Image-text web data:
·····
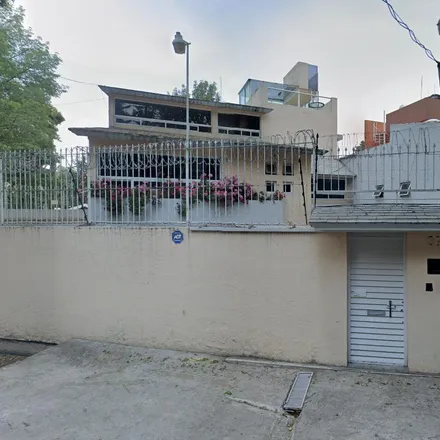 Buy this 12 bed house on Privada Ailes 37 in 52990 Atizapán de Zaragoza, MEX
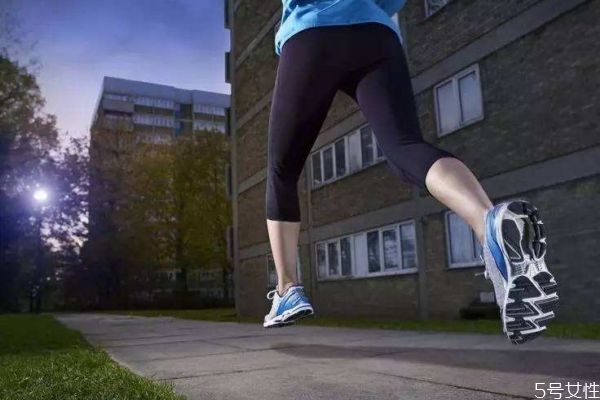 正確的跑步方法是什么呢 如何正確跑步呢 正確的跑步方法是什么呢 如何正確跑步呢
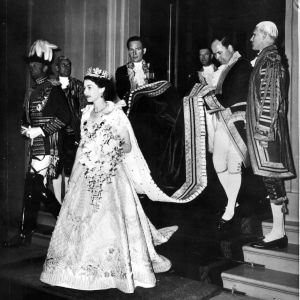Drottning Elisabeth kröntes år 1953. Drottning Elisabeths kröning år 1953.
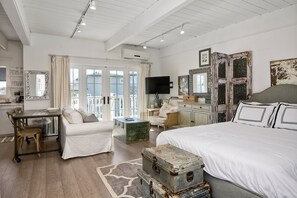 7 Schlafzimmer, Bügeleisen/Bügelbrett, kostenloses WLAN, Bettwäsche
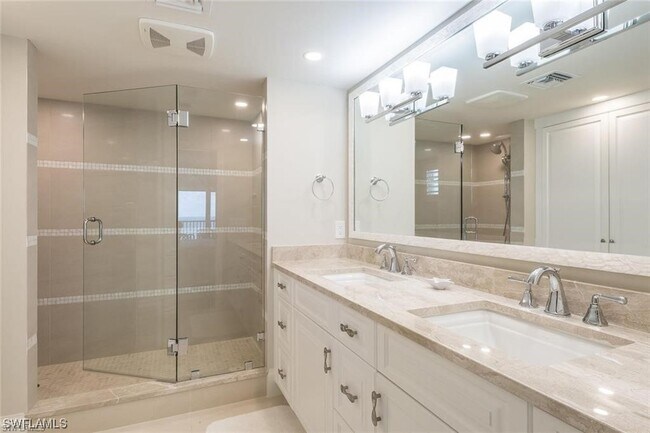Building Photo - 10691 Gulf Shore Dr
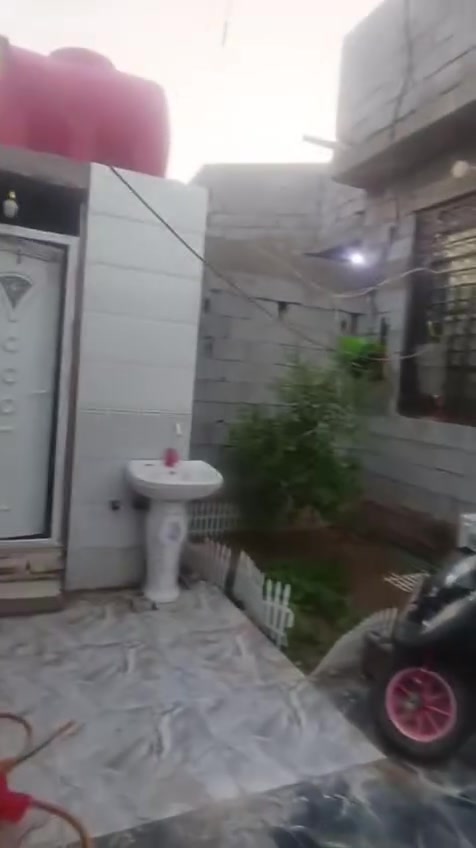 السلام عليكم منزل للبيع المساحة ١٨٠ طابو سند ٢٥ وبلفيديو مذكور كل التفاصيل العنوان شط العرب الحوطه مقابل خطوه الامام العباس السعر ٤٥ وبي مجال ويرهم واقصاد مقدمه ٣٠ والباقي شهريا وباقي التفاصيل خاص او وتساب ***********

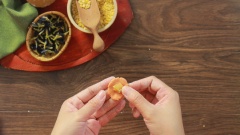 Bánh trôi: Nặn từng viên bột nặng khoảng 10gr, sau đó cho viên đường thốt nốt khoảng 3gr vào giữa. Dùng tay miết và bao tròn kín viên nhân thành bánh hình tròn. Bánh chay: Tương tự, cho viên nhân đậu xanh vào giữa viên bột nặng 20gr, dùng tay vê tròn bánh.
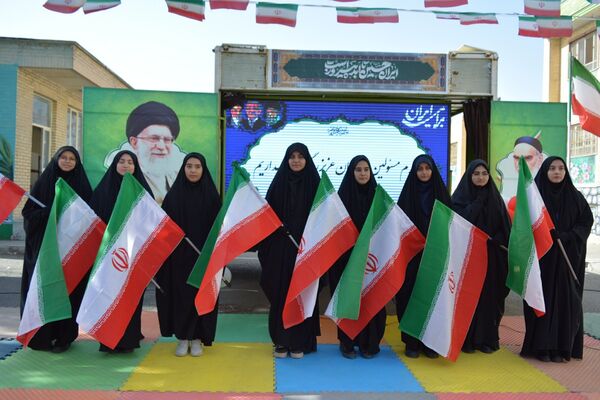 طنین زنگ انقلاب در بهارستان‌دو 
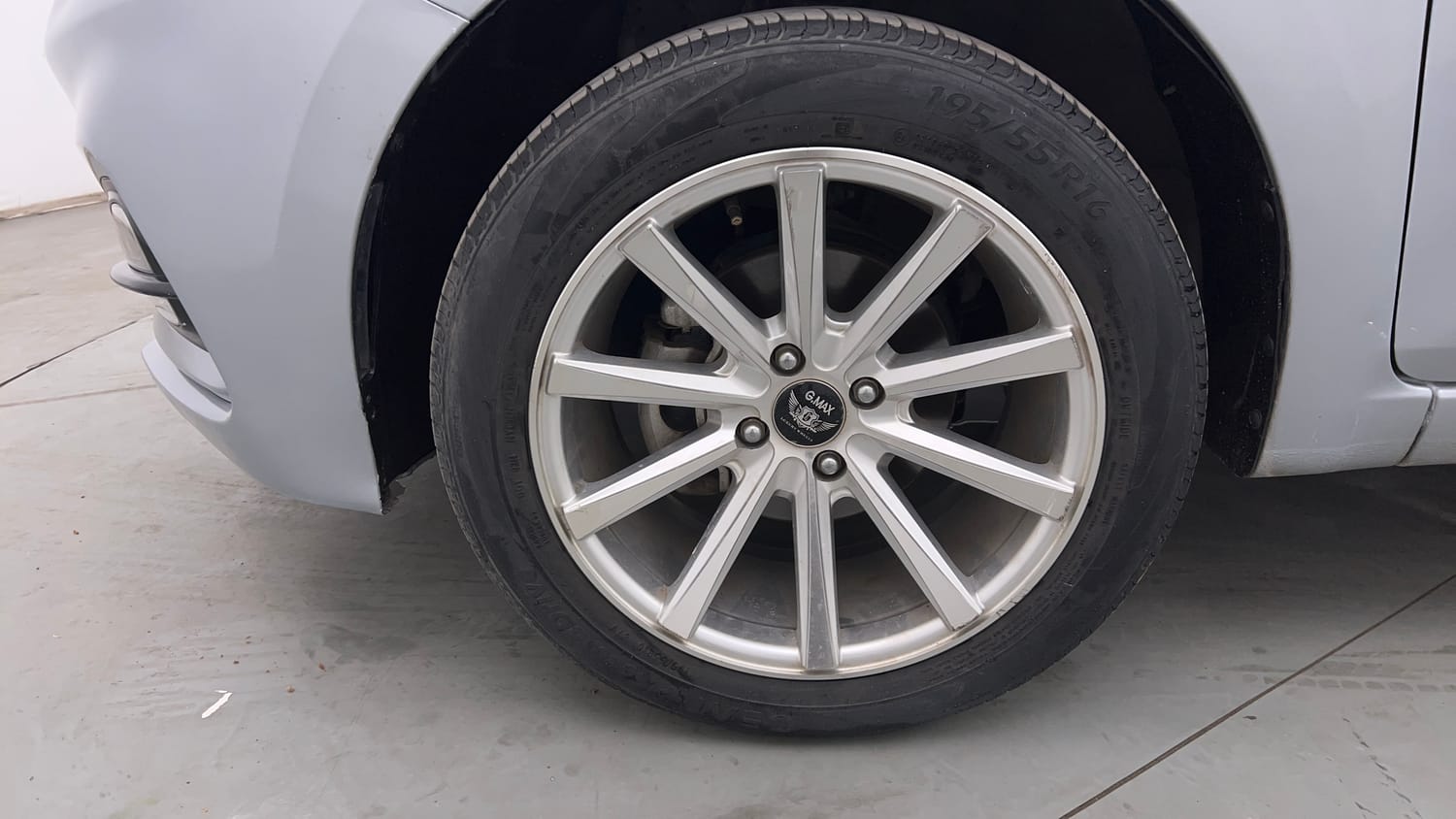 Used 2020 Hyundai Elite i20 Sportz Plus 1.2 Petrol Manual tyres LEFT FRONT TYRE RIM VIEW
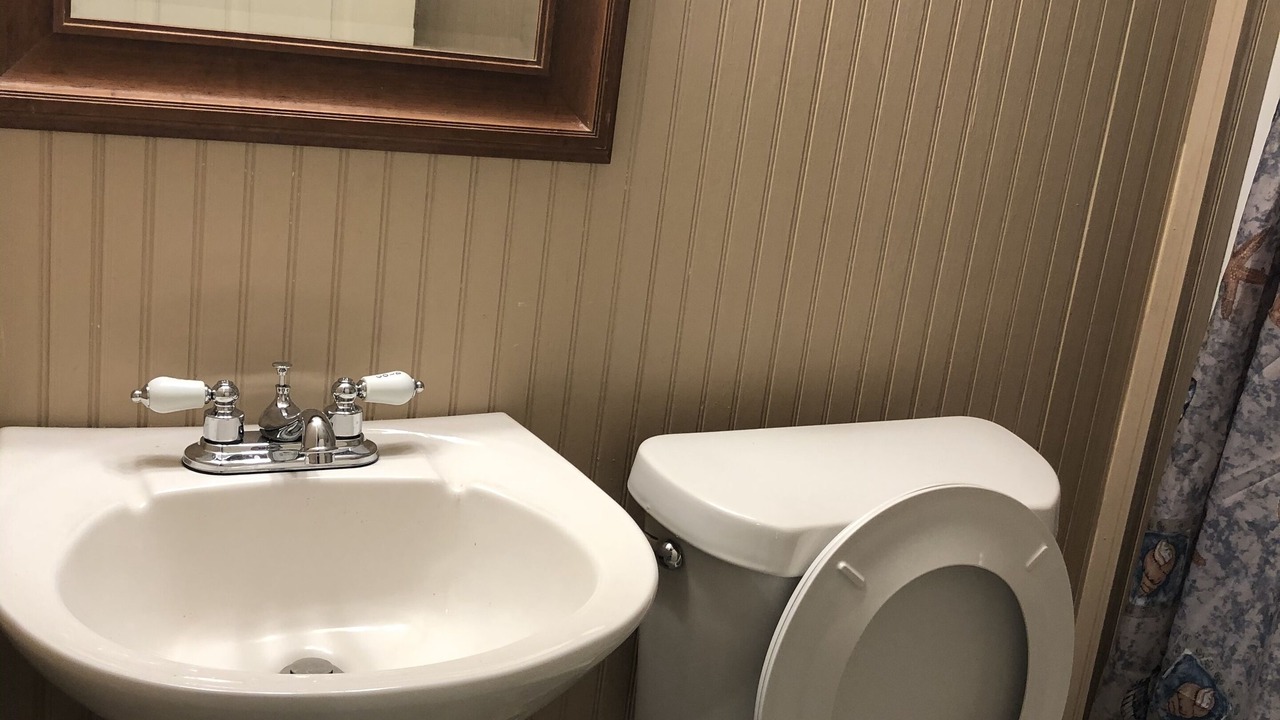 Photo of Bathroom in Indian Pass
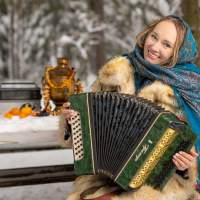 Новогодняя фотосессия в лесу - девушка гармонист Калининград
·····
## What to do
Exact text is required for the lines from the one with "Used 2020 Hyundai" through the last line of the entries, both included. Omit pictures.

## Task response
 Used 2020 Hyundai Elite i20 Sportz Plus 1.2 Petrol Manual tyres LEFT FRONT TYRE RIM VIEW
 Photo of Bathroom in Indian Pass
 Новогодняя фотосессия в лесу - девушка гармонист Калининград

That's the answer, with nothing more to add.